The decision to strike the bill from the Senates immediate agenda has deepened the distrust among poor countries about the intentions of United States and other industrial countries to cut greenhouse gas emissions that power their wealthy economies but risk causing the Earth to dangerously overheat, say climate activists..
A split between rich and poor nations has characterized the talks since they began two years ago, but it widened after the disappointment of the Copenhagen climate summit last December that fell short of any binding agreement and produced only a brief document of political intentions.
The withdrawal of the bill to cap US emissions of carbon dioxide, the most prominent gas blamed for global warming, ""plays into the same old fault lines,"" said Kelly Dent, of Oxfam International. It has let down developing countries that had looked to President Barack Obamas administration to seize the leadership in climate negotiations, she said Sunday from Bonn, Germany.

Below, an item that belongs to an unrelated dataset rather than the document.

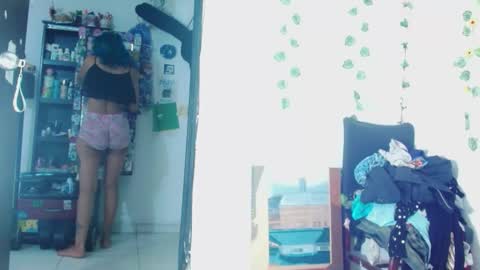 Snapshot of liliandoll chatting on November 12, 8:30 pm yesica online show from November 12, 8:30 pm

Delegations from most of the 194 participating nations begin a five-day negotiating session in Bonn on Monday that is one of the last meetings before another decisive conference convenes at the end of the year in Cancun, Mexico. One more week-long round of talks is scheduled for October in China.
The two keys to any agreement are commitments by rich countries to cut emissions and their pledges to fund poor countries actions to adapt to climate changes affecting agriculture and the frequency of extreme weather events like floodsand drought
So far, Washington has not backed away from its promise at Copenhagen to reduce emissions 17 percent below 2005 levels over the next 10 years. But even that pledge, made more doubtful now by legislative inertia, has been roundly criticized as inadequate.

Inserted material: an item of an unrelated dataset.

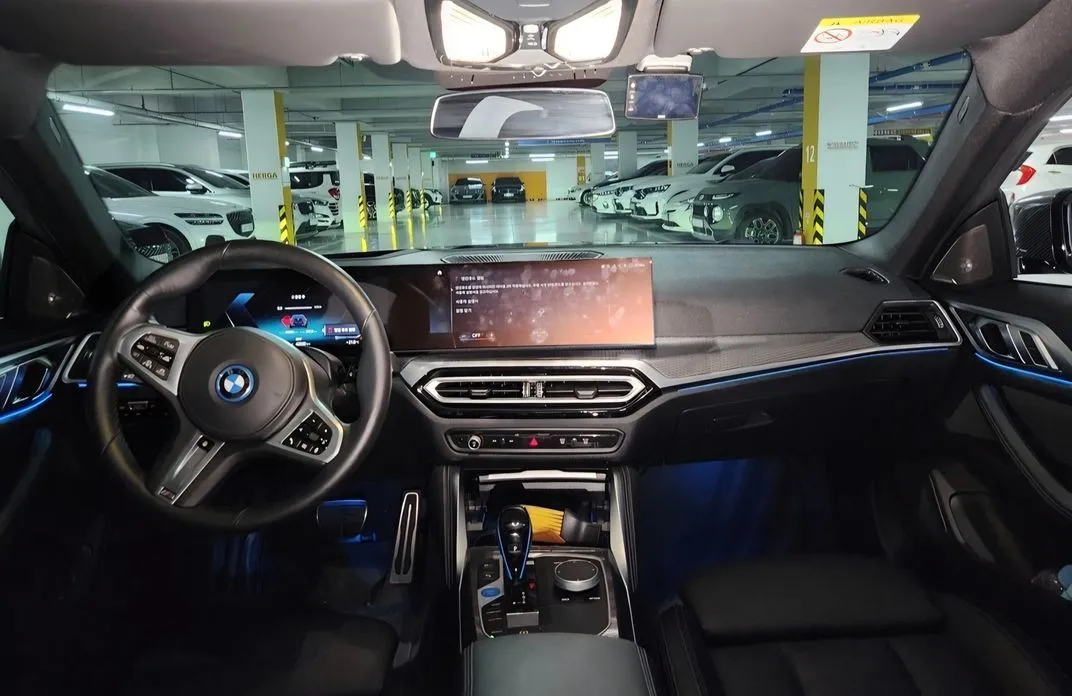 BMW i4 2023 из KR, фото 3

Christiana Figueres, presiding over the talks for the first time since becoming executive secretary of the UN Framework Convention on Climate Change a month ago, says the industrial countries must lift their emissions reduction pledges if they hope to limit global warming to manageable levels this century.
Pledges given so far amount to reductions of 12 to 19 percent below 1990 levels, she told reporters last week. UN scientists have said the rich countries must slash emissions by 25 to 40 percent by 2020. Because carbon dioxide accumulates in the atmosphere, scientists say it is crucial to act quickly to reach a peak in global emissions.